# What to produce
Pictures are to be excluded. Please print only the lines from the one containing "La Roche-Posay Anthelios" through the end of the data, exactly as they appear.

# Raw data
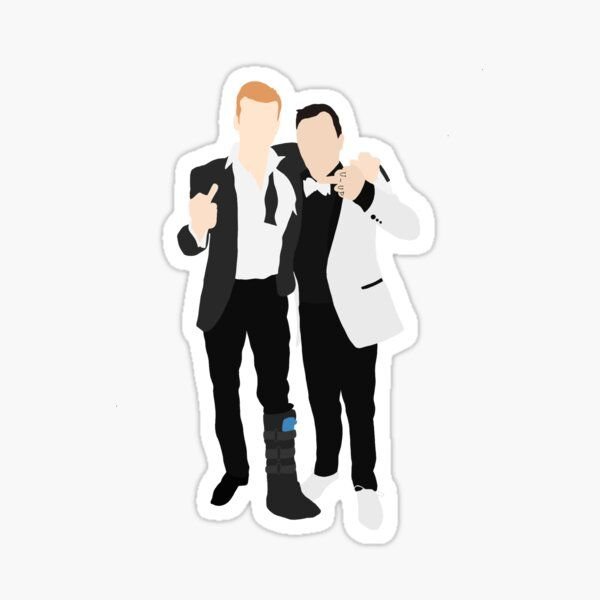 Лип Галлагер на белом фоне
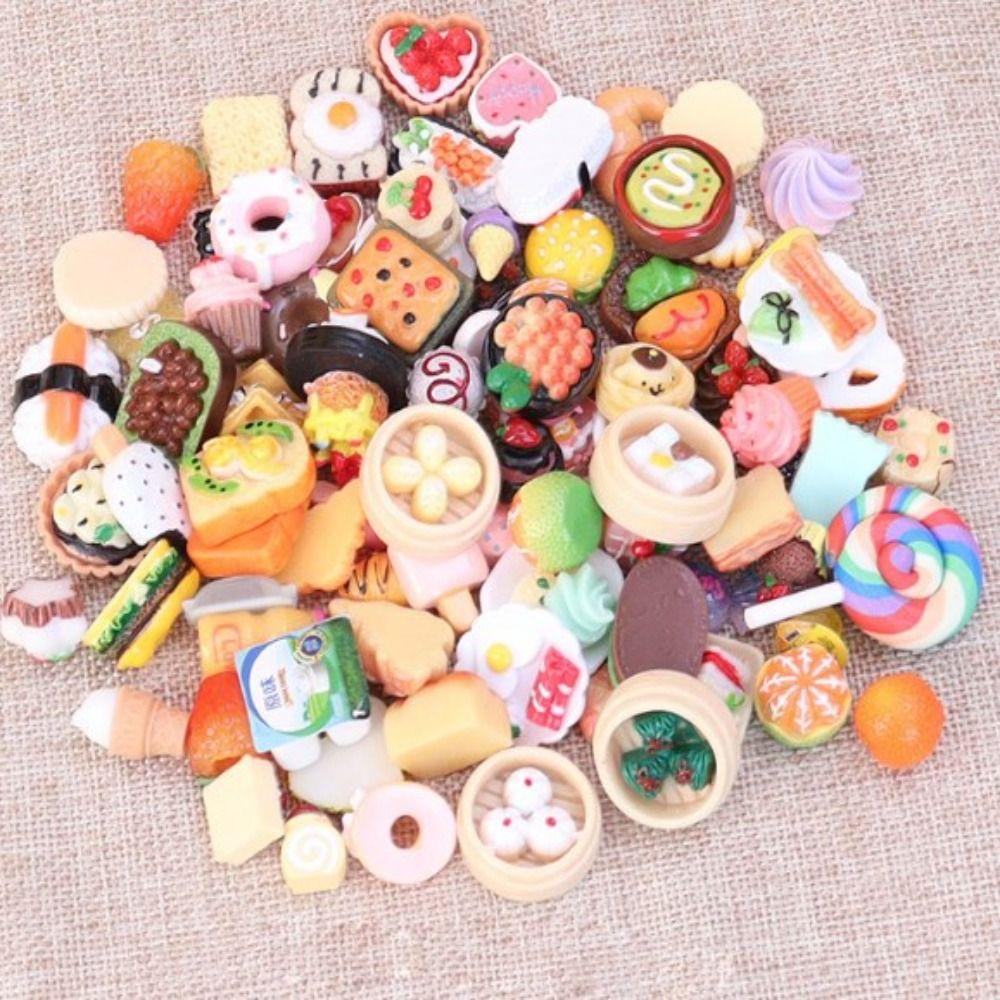 

5 шт., имитация полуфабрикатов из смолы, 2 цвета, мини-бутылка, магазин, миниатюрные украшения для еды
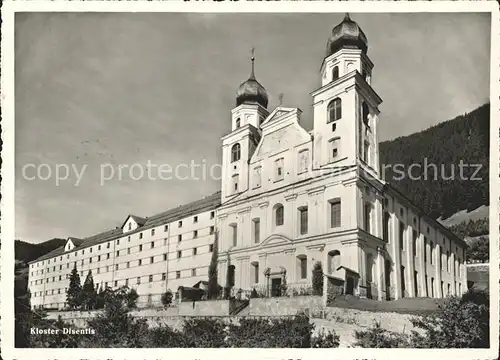 Disentis GR Kloster Kat. Disentis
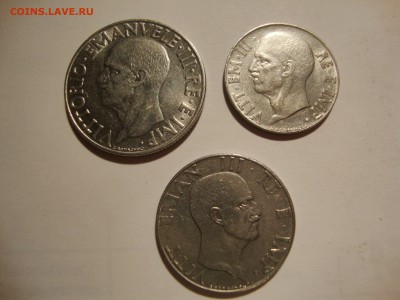 Италия 1 лира 1939, 50с 1942, 20с 1941 до 21-00 18.09 - DSC02331.JPG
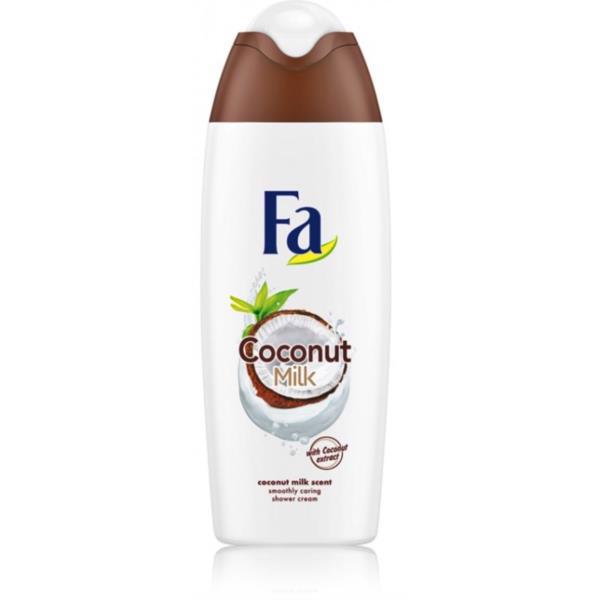 Гель-крем д/душа FA Coconut Milk 250мл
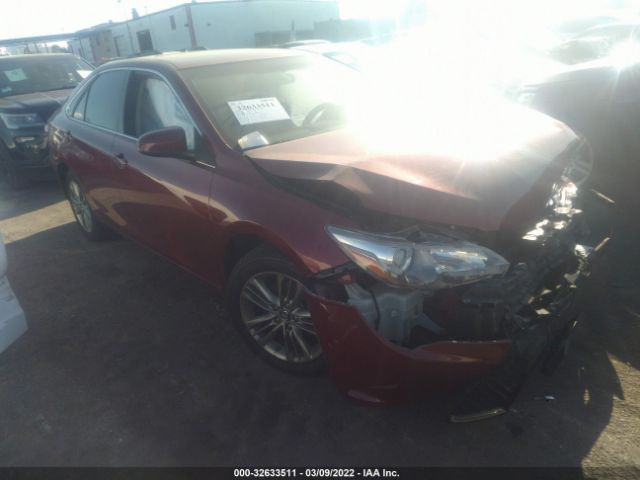 TOYOTA CAMRY 2017 4t1bf1fk6hu702619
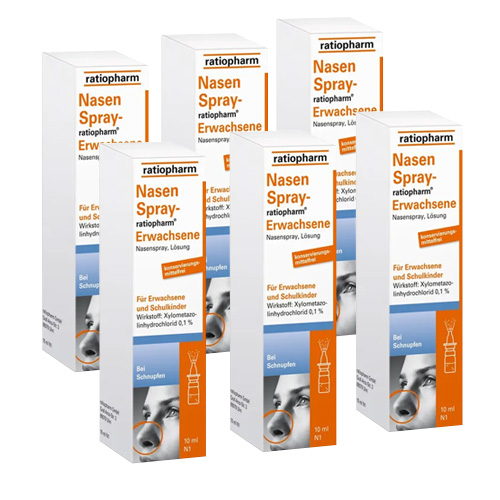 Nasenspray-ratiopharm® Erwachsene 
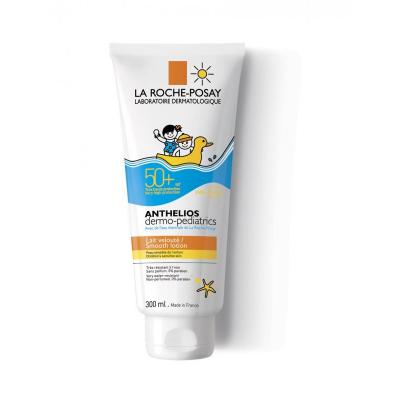 La Roche-Posay Anthelios Dermo-Pediatrics 50 + mlieko na opaľovanie + Posthelios reparačná gélová starostlivosť po opaľovaní 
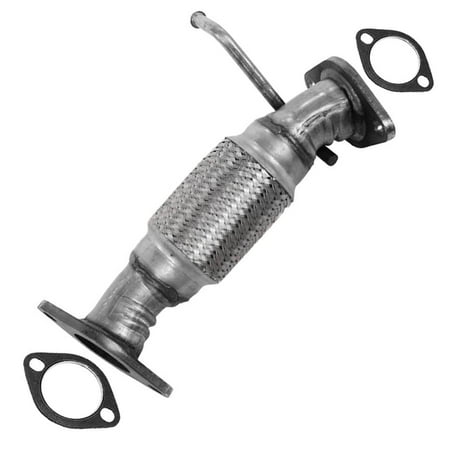 Northeastern Exhaust Front Flex Pipe Fits 2007-2008 Kia Rondo 2.4L – Direct Fit
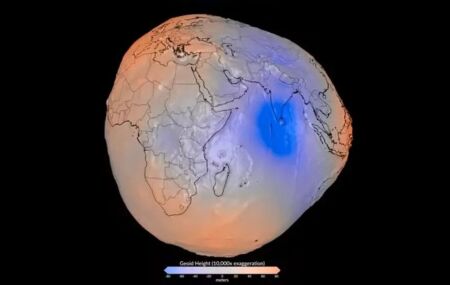 In&eacute;dito: NASA divulga real formato da Terra em novo modelo 3D
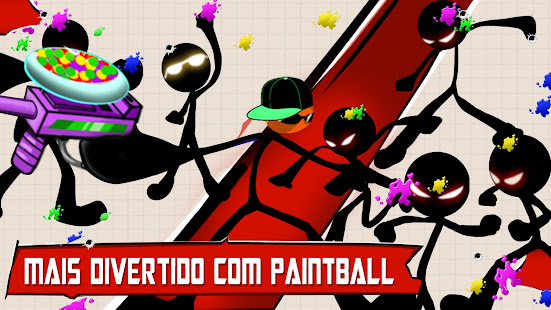 Visualização do aplicativo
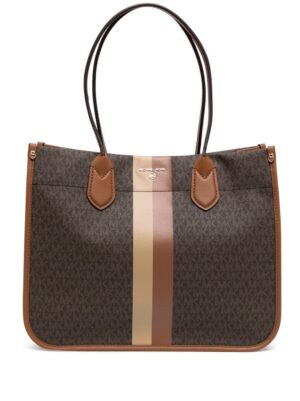 18737775_40655841_1000.jpg Michael Kors Heidi monogram-pattern tote bag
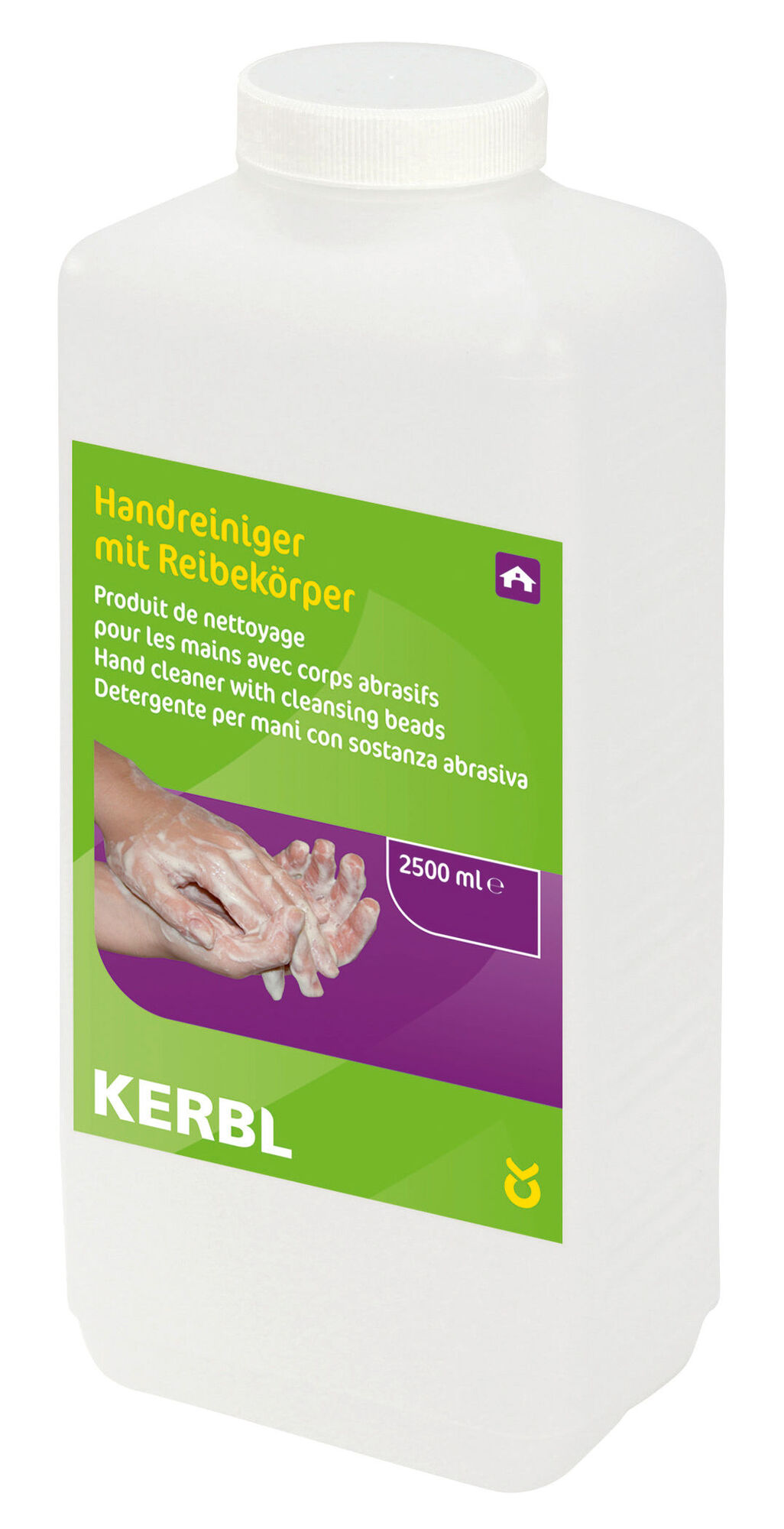 Handreiniger mit Reibekörper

# Exercise response
 La Roche-Posay Anthelios Dermo-Pediatrics 50 + mlieko na opaľovanie + Posthelios reparačná gélová starostlivosť po opaľovaní 
 Northeastern Exhaust Front Flex Pipe Fits 2007-2008 Kia Rondo 2.4L – Direct Fit
 In&eacute;dito: NASA divulga real formato da Terra em novo modelo 3D
 Visualização do aplicativo
 18737775_40655841_1000.jpg Michael Kors Heidi monogram-pattern tote bag
 Handreiniger mit Reibekörper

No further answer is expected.